#### Action item
Every record must be repeated exactly; omit any pictures they contain.
§
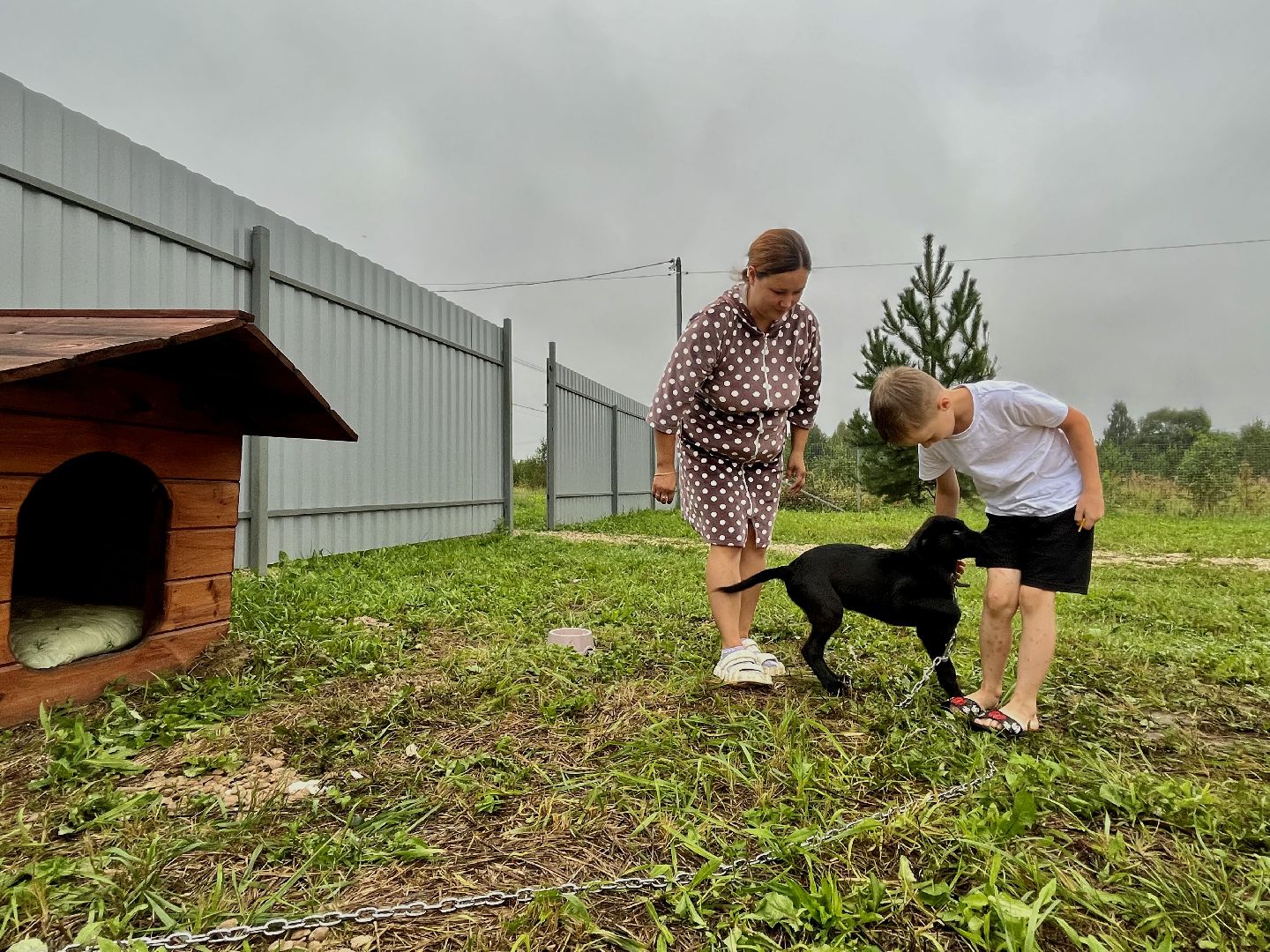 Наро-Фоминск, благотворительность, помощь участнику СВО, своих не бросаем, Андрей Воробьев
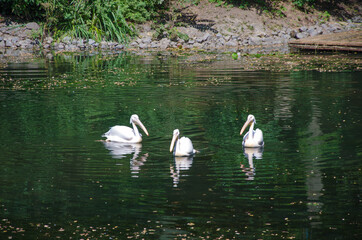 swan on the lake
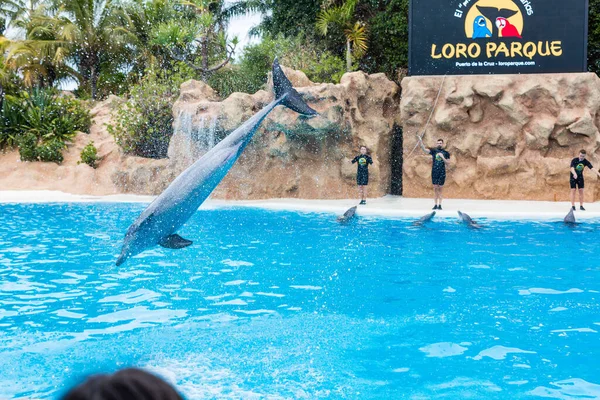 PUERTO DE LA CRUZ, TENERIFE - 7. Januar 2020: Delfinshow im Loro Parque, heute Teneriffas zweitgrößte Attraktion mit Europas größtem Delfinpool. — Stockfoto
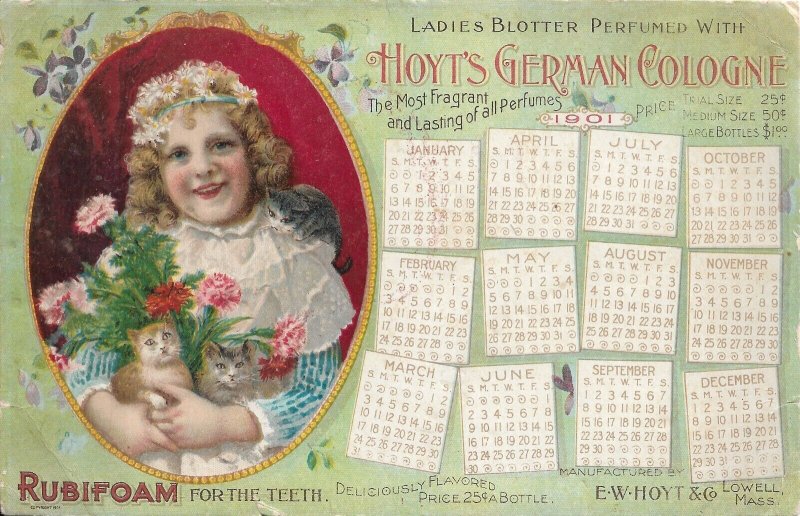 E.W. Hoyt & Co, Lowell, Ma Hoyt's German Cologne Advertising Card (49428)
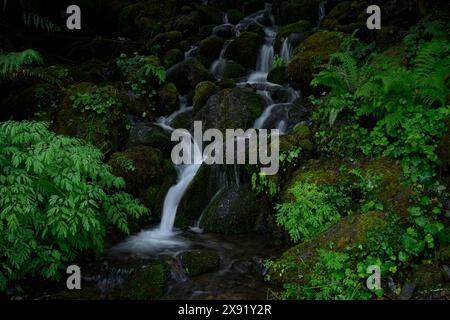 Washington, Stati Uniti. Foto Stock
§
#### Answer
 Наро-Фоминск, благотворительность, помощь участнику СВО, своих не бросаем, Андрей Воробьев
 swan on the lake
 PUERTO DE LA CRUZ, TENERIFE - 7. Januar 2020: Delfinshow im Loro Parque, heute Teneriffas zweitgrößte Attraktion mit Europas größtem Delfinpool. — Stockfoto
 E.W. Hoyt & Co, Lowell, Ma Hoyt's German Cologne Advertising Card (49428)
 Washington, Stati Uniti. Foto Stock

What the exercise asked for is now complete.